Caption-style text data:
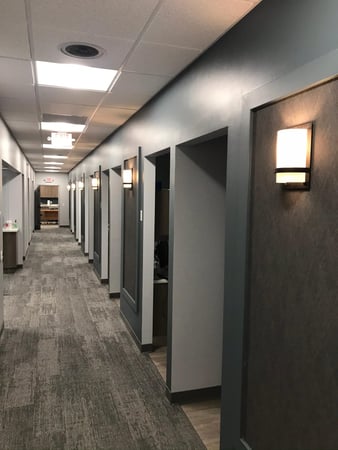 Images Hawkins Dentistry
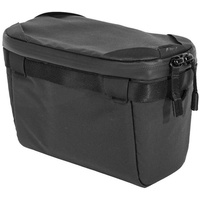 Peak Design Camera Cube V2 X-Small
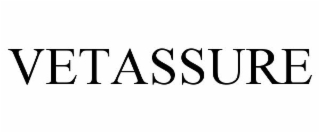 VETASSURE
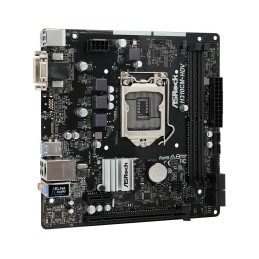 https://compmarket.hu/products/124/124828/asrock-h310cm-dvs_4.jpg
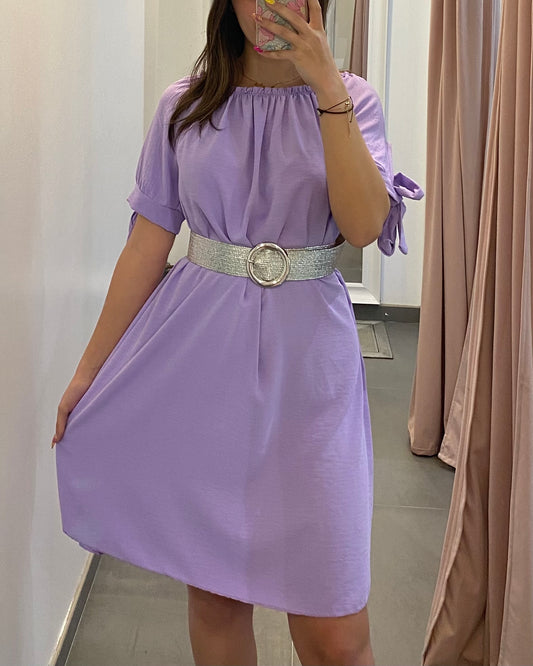 Robe Alina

## EXERCISE GOAL
Return the entries unchanged, save for the pictures, which do not belong in the copy.

## RESULT
 Images Hawkins Dentistry
 Peak Design Camera Cube V2 X-Small
 VETASSURE
 https://compmarket.hu/products/124/124828/asrock-h310cm-dvs_4.jpg
 Robe Alina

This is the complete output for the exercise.